** Recorded data **
* * * * * * * * *

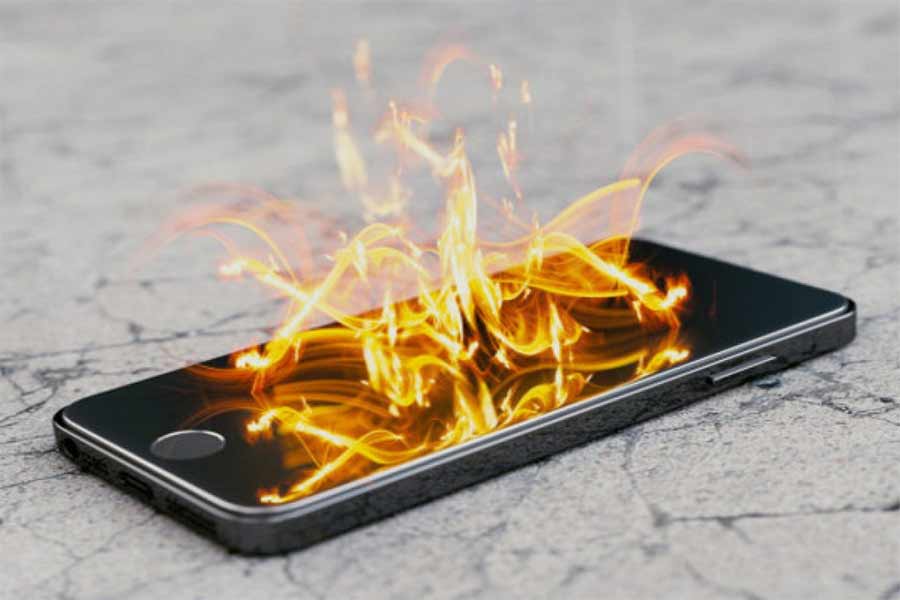 Representational Image of mobile explosion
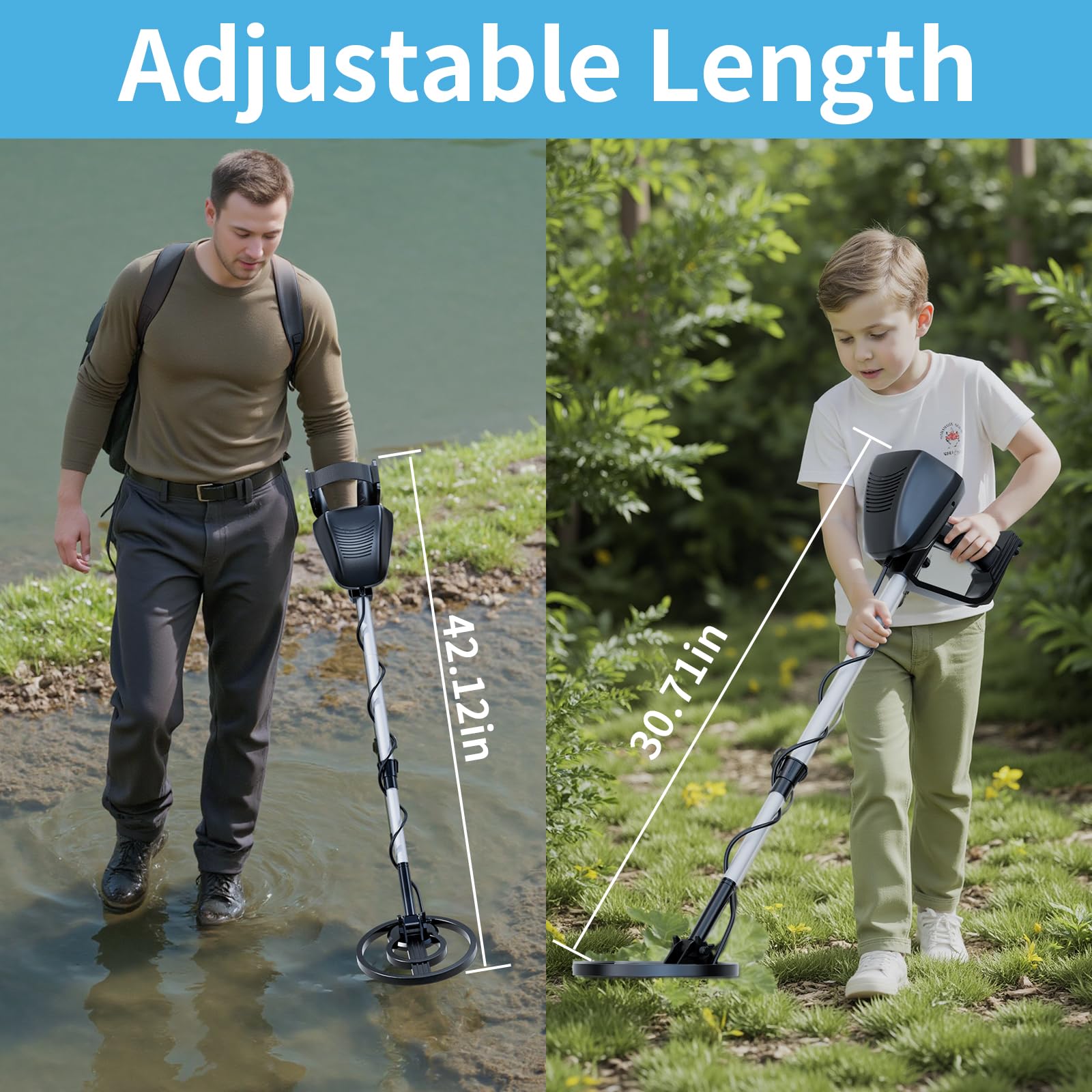 JUANGU lightweight tool weighs 2.8 lbs for easy use.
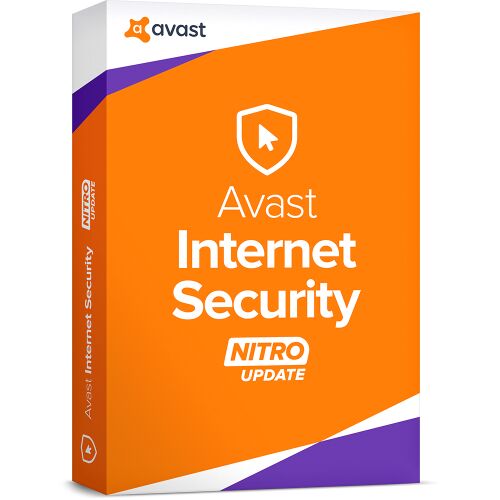Avast Internet Security 1-Year / 1-PC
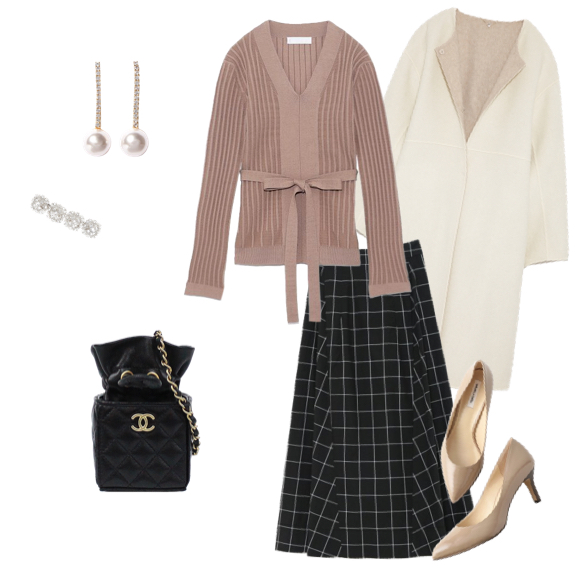 チェーンショルダーバッグ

* * * * * * * * *

** Exercise details **
Extract the full listing above verbatim; pictures are to be left out of the copy.

** Task solution **
 Representational Image of mobile explosion
 JUANGU lightweight tool weighs 2.8 lbs for easy use.
Avast Internet Security 1-Year / 1-PC
 チェーンショルダーバッグ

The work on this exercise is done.